I use BigQuery as the database, which is a competitor to SnowFlake which you already support. I also already use ChatGPT-4 a lot nowadays to create and edit the SQL queries (although they can sometimes be so large that ChatGPT can't cope with them so I sometimes use cut-down/contrived examples to write chunks of a query then construct a much bigger query from those smaller examples).

So you could replace my job if you could allow people to name their data warehouse provider of choice, drag and drop umpteen CSV files into it, write some instructions like "Give me a CSV file with all the BLAH matching BLAH" or "Create PDF documents with BLAH information in them" and get the outputs they need on the other end.


Not the original commenter, but I have often been asked by non-technical colleagues to answer questions about a spreadsheet they've sourced from someone/somewhere else. "So-and-so shared this spreadsheet with me.
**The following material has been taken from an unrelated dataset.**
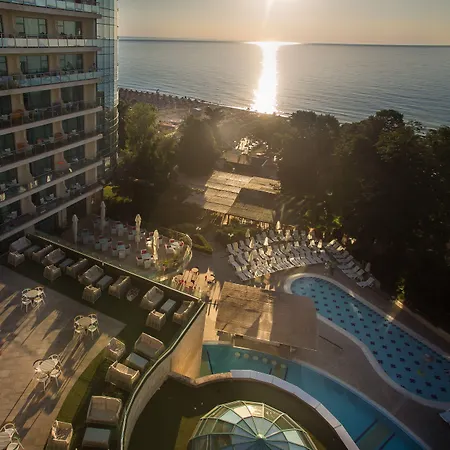 Marina Grand 4* Sables d'or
Can you please take a look at let me know if ...". Sometimes this is delegation, but frequently comes down to a lack of skill.


This is a very interesting product! Congrats on the launch!

I was wondering if this would also be supported for no-SQL databases like Mongo?

Also a little sandbox to play with it would be nice. For example, you could have a small table of weather data from a random city, and people could then query something like "How many days in 2022 was the daily high for Los Angeles above 100 degrees?" Of course, this might be a lot of work as you would have to have it run on the backend and then return the results to the frontend.


Yes definitely, that is something that I think would be interesting for us to add. Since we are building everything fully on prem, we didn't have a web based product to confuse people, but I think your point stands that have a tangible demo to play with will help users trust the product to eventually run it on prem.

Thanks a lot for the feedback!


How much can I trust the insights a tool like this gives?

The landing page focuses on ease of use and privacy (awesome!). But is this a tool I can use to make critical informed decisions or something where I am willing to trade correctness for ease of use?

Being able to click into a chart and see the generated query along with explanation of the intent of each step of the query would go a long way in building trust in the result.


Hey, thanks, I was pretty intrigued by this. A couple questions:

1. Your website doesn't say which DBs you support.

2. What information do you feed the model to determine how to map from English language queries to SQL? Do you just use the schema from information_schema? Do you use any DB object comments (e.g. we annotate all our tables, views and columns with Postgres comments)? Do you sample any actual data?

Thanks


Hey! Thanks a lot for the feedback, that is something we actually forgot to add, I will add that now to avoid confusion!

The database connectors we support right now are: - MySQL - Postgres - Snowflake - Apache Impala

In terms of how we map English queries to SQL, we only look at the schema at the moment.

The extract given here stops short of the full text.